The square root of the diagonals are called the standard errors of the parameter estimates (e.g. \(\sigma_a\) for parameter estimate \(\hat{a}\)). If you resampled many times, and the errors are normally distributed, then about 68% of the parameter estimates would fall in the interval \(\hat{a}-\sigma_a < a < \hat{a}+\sigma_a\). Confidence intervals can be computed using the standard error and the t-statistic.
err = np.sqrt(np.diag(pcov))
print(err)
[1.26303622e+03 5.71048533e-04]
The diagonals of the error covariance matrix decribe correlations that occur in estimates of the different parameters. For example, if you resample many times, does parameter \(a\) usually increase when parameter \(b\) increases? If so, this means that the parameters covary when resampling, and this would result in a positive error covariance term.
plt.figure()
plt.pcolor(alla2,alla1,np.log(rms),cmap='viridis')
plt.colorbar()
#plt.plot(slope,np.exp(intercept),'ro')
#plt.plot(popt[1],popt[0],'rs')
plt.title('log(RMS error): $a_1\exp(a_2*t)$')
plt.xlabel('$a_2$')
plt.ylabel('$a_1$')
plt.plot([popt[1]-err[1],popt[1]+err[1]],
[popt[0],popt[0]],'r-')
plt.plot([popt[1],popt[1]],
[popt[0]-err[0],popt[0]+err[0]],'r-')
Plotting the parameter estimate on the map of the cost function shows that the nonlinear optimization procedure (square) succeeds in finding the minimum of the cost function, thus minimizing the sum of squared differences between the data values and corresponding model values.
The standard errors can be visualized in this map of the cost function.
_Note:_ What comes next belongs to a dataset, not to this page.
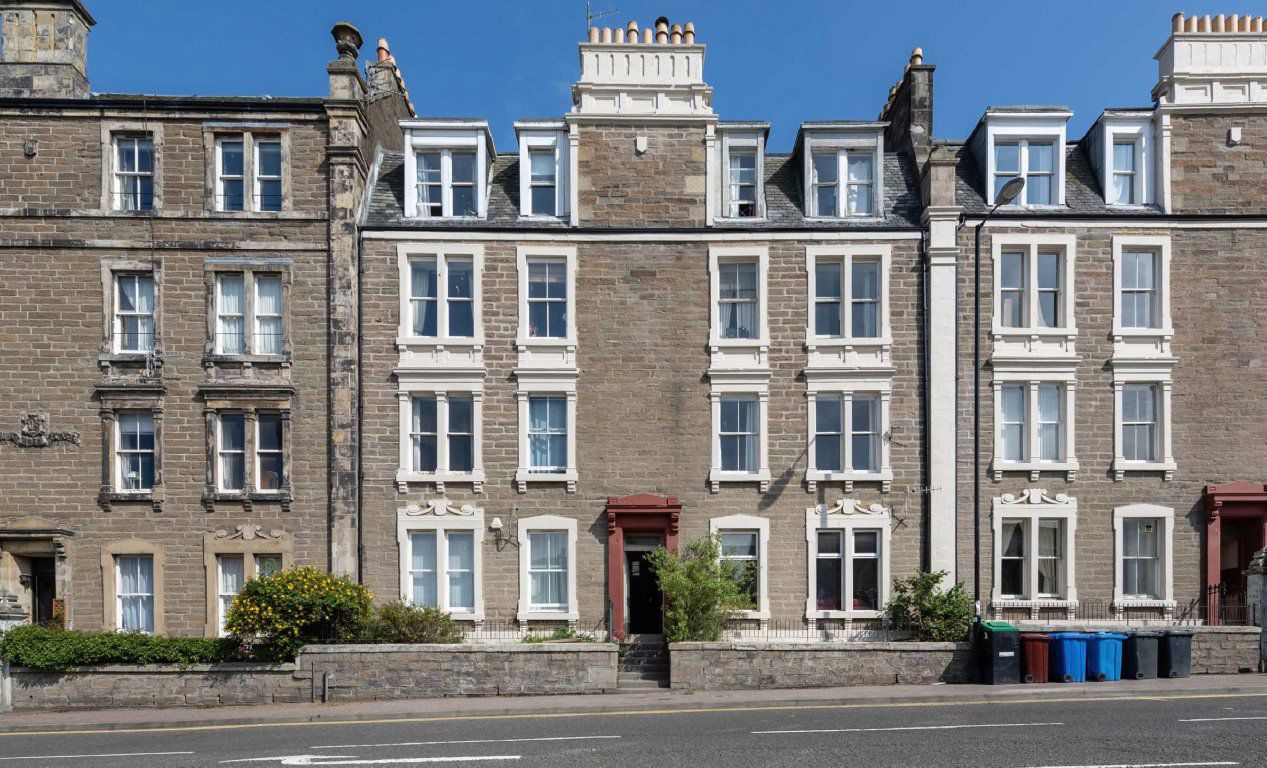 Flat Hawkhill in Dundee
The height and width of the red error bars are determined by the standard errors of the coefficients.
2.5. Excercises#
Plot the parameters obtained from the linear regression of the log-transformed data on the cost function map.
Use the optimization techniques described above to fit an exponential curve to the data from phytoplankton growth experiments
Write a function that can be used to fit an exponential curve to any data set, and return the standard error of the coefficients.